This repository presents a comprehensive approach to emotion classification on text data labeled with six emotions:
- Sadness
- Joy
- Love
- Anger
- Fear
- Surprise
We explore and compare four deep learning architectures, each in its own notebook:
-
CNN (cnn.ipynb)
- Embedding layer, convolutional filters, and global max pooling
- Achieves around 90% accuracy (depending on hyperparameters)
-
LSTM (lstm.ipynb)
- Incorporates LSTM units to capture sequential text patterns
- Dropout for regularization and optional RMSprop/Adam optimizers
-
BiGRU (BiGRU.ipynb)
- Bidirectional GRU capturing context in both directions
- Approx. 94% accuracy with extensive preprocessing (emoji handling, chat word cleanup)
-
BERT (Bert.ipynb)
- Fine-tunes a pre-trained BERT model
- Often yields the highest accuracy (~97%) but requires more computational resources
The dataset is sourced from:
“Emotion dataset.” Kaggle: NIDULA ELGIRIYEWITHANA. https://www.kaggle.com/datasets/nelgiriyewithana/emotions (accessed Apr. 2, 2024).

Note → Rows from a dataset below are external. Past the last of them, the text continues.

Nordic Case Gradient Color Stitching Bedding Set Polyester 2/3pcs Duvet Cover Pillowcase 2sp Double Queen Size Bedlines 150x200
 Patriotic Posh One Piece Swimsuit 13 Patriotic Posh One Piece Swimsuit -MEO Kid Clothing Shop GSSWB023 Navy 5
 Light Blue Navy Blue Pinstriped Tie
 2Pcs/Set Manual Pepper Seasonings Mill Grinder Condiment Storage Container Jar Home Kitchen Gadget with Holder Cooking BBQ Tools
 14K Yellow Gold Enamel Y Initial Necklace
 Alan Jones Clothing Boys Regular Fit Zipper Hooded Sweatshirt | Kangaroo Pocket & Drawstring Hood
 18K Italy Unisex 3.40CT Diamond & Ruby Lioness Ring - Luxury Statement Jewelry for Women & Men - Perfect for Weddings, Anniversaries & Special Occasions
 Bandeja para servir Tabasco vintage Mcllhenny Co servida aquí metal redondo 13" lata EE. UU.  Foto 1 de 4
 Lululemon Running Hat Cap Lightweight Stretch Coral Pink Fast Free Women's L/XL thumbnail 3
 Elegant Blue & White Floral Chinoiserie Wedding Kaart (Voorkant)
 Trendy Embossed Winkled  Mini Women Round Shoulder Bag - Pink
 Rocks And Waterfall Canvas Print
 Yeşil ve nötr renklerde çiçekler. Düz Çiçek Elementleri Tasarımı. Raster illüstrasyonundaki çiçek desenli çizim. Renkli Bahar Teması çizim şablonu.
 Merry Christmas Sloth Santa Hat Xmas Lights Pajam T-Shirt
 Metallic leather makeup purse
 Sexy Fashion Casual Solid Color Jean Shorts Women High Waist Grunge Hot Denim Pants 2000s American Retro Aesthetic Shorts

- Approximately 400,000 tweets labeled with one of the six emotions.
- Preprocessing includes tokenization, stopword removal, padding, and optional class balancing.
- Data Preprocessing: Includes removing emojis/chat words, balancing classes, tokenizing, and padding.
- Model Development: Each notebook details training setup, hyperparameters (batch size, learning rate, epochs), and the chosen optimizer.
- Evaluation Metrics: Accuracy, Precision, Recall, F1-score, Confusion Matrix, and sometimes ROC curves.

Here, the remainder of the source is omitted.